Lundi 3 juin 2024, l'Académie de médecine a quant à elle publié le communiqué suivant : « Après l'avis Favoriser une fin de vie digne et apaisée de l'Académie nationale de médecine et le projet de loi sur l'aide à mourir du Gouvernement, la commission spéciale de l'Assemblée nationale a modifié la troisième condition d'accès à l'aide à mourir en substituant [à] la mention d'[une] affection grave et incurable engageant un pronostic vital à court et moyen terme [les mots] en phase avancée ou terminale. L'Académie nationale de médecine estime que le qualificatif de phase avancée est inadapté et dangereux. Une fois le pronostic vital effacé, il risque d'inclure les personnes atteintes d'une maladie certes a priori incurable mais avec laquelle il est possible de vivre longtemps. Il en est ainsi, par exemple, des malades atteints de maladies neurodégénératives sévères, des malades atteints de cancers avec métastases […] ou [des personnes] atteintes d'une maladie chronique avec des complications. En complément, l'Académie nationale de médecine alerte sur la proposition de la commission […]. »

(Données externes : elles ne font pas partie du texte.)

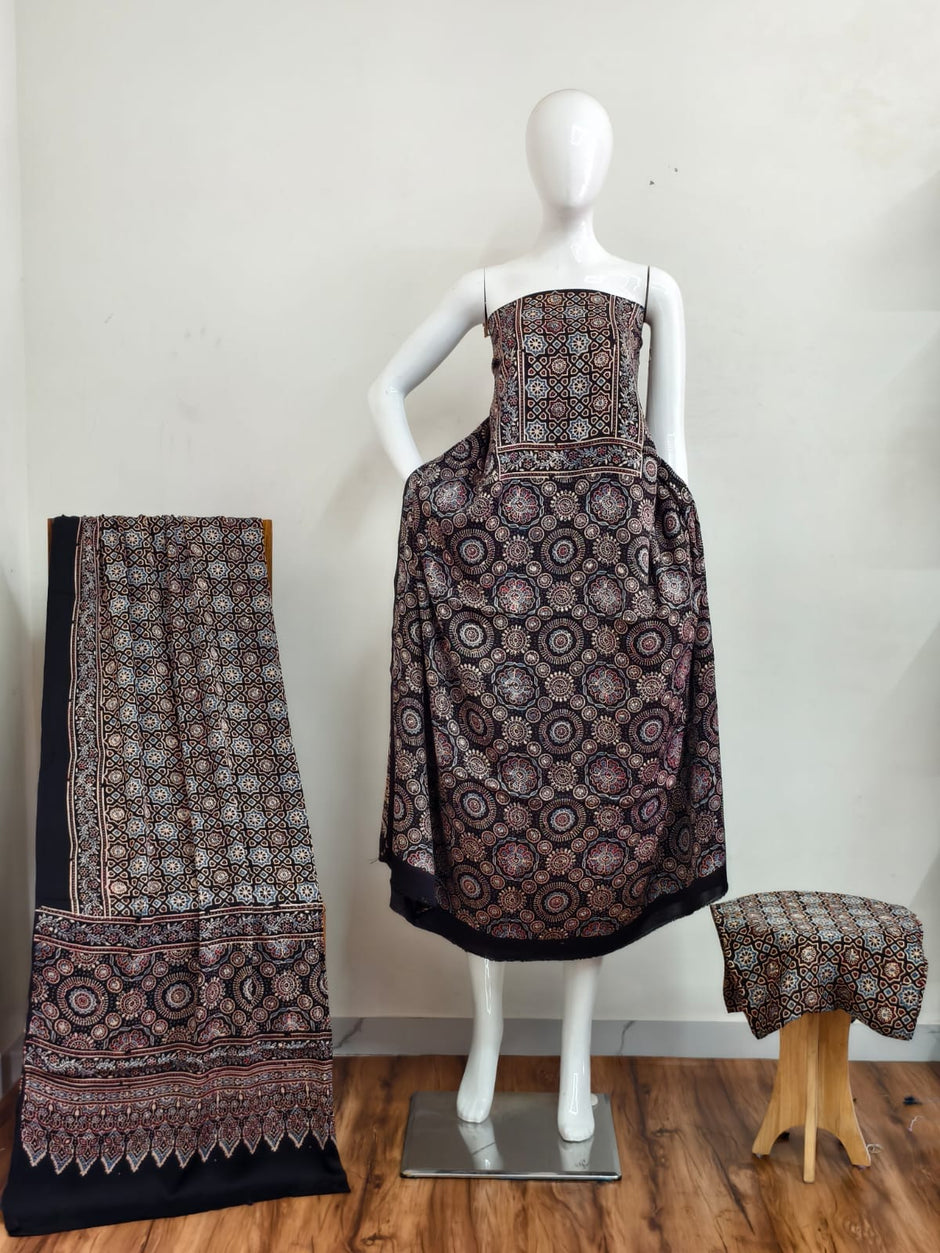 Havi Pure Modal Silk Ajrakh Natural Dye 3-Piece Suit 03 - The Ajrakh Studio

Le dernier avis que je veux vous soumettre est celui du professeur Régis Aubry, qui a été souvent invoqué dans l'hémicycle : « Pourquoi l'expression moyen terme me semble préférable à l'expression maladie en phase avancée ou terminale ? », écrit-il. Il poursuit : « L'expression moyen terme signifie à mon sens quelques semaines à quelques mois, moins d'un an. Cette expression relève d'une évaluation. Elle n'est donc pas et ne peut pas être une vérité, la vérité pronostique n'existant pas. Cette évaluation doit à mon sens être laissée à l'appréciation du médecin, se fondant sur les données de la science, sur l'approche des autres professionnels qui interviennent auprès de la personne malade et enfin sur la connaissance qu'il a de la personne malade. Nous disposons de résultats de travaux de recherche pour considérer que le terme de moyen terme est approprié et pragmatique. L'analyse de la littérature montre que les soignants sont plutôt optimistes dans l'estimation d'un pronostic vital. […] L'expression phase avancée ou terminale me semble plus problématique. Un médecin, un professionnel de santé peut sans difficulté reconnaître la phase ultime ou agonique d'une maladie. Il peut approcher la notion de phase terminale, qui correspond à l'échappement des thérapeutiques spécifiques proposées, la rémission n'étant plus possible. Lors de la phase terminale, seule une prise en charge palliative est réaliste. Cette phase peut durer plusieurs mois. En revanche, la notion de phase avancée ne me semble pas définie de façon formelle et est beaucoup trop vague […]. Elle signifie que la guérison n'est plus possible, mais elle peut, du fait de certains traitements, correspondre à des maladies dont le pronostic vital peut être de plusieurs années. »
Tels sont les éléments dont je dispose et qui me conduisent à vous dire que je souhaite, au nom du Gouvernement, réintroduire la version initiale de l'alinéa 7 de l'article 6, à savoir les mots « engageant son pronostic vital à court ou moyen terme ».